On Dec 8, 2013, at 4:53 PM, Peter Teeson < email@hidden> wrote: On 2013-12-08, at 6:17 PM, Fritz Anderson wrote: On 8 Dec 2013, at 2:43 PM, Peter Teeson <email@hidden> wrote:
My environment: OS X Lion 10.7.5, Xcode 4.6.3 I have Googled, and StackOverFlowed but not yet found what can be done.
... [The Debugger IDE doesn't show the contents of immutable strings in the Variables pane, even though they show up in the lldb console] ...
Questions
(0) Did I miss something? (1) How can this be solved to display the data for _NSCFConstantStrings?
I hope somebody has experience to draw on to help you, but I fear many people would say this:
The best way to address a bug in software that is one major version back, running on an operating system two major versions back, is to use current versions of both. Back then, especially, lldb and Xcode were "improving rapidly," which is a euphemism for "even the immediately previous version is unusable compared to the latest."
Thats a fair enough comment. So does the Debugger IDE show the contents of immutable strings in Xcode 5.xx? If not then moving to Xcode 5 and either Mountain Lion or Mavericks won't solve that issue will it. (I have ML but haven't moved to it yet; for what I wish to do it's not required)
I’m pretty sure it does. That seems like a bad bug that should have been squashed already.

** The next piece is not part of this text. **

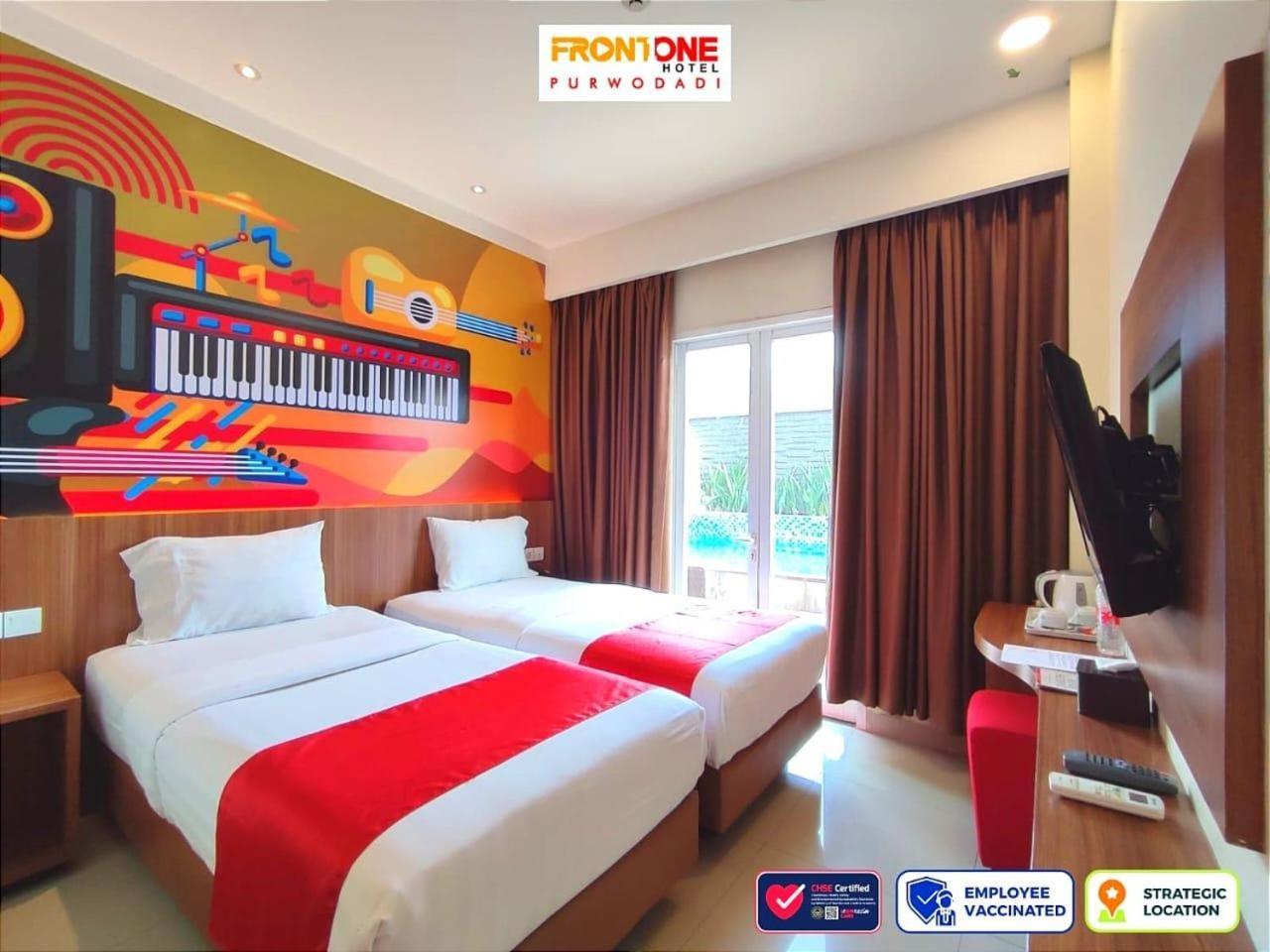 Front One Hotel Purwodadi Purwodadi  Exterior foto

You may not know this but you can actually run multiple versions of Xcode nowadays, since they can ‘co-exist’. That allows you to try out latest, with the latest bug fixes etc, and fall back to your previous version if necessary. Sometimes there may be a upgrade of the project model (may not be intentional) so if you want to be safe, you should back up your project when trying out the new Xcode.
I personally find that it is more manageable to do incremental upgrade than to do a big jump in Xcode versions. YMMV.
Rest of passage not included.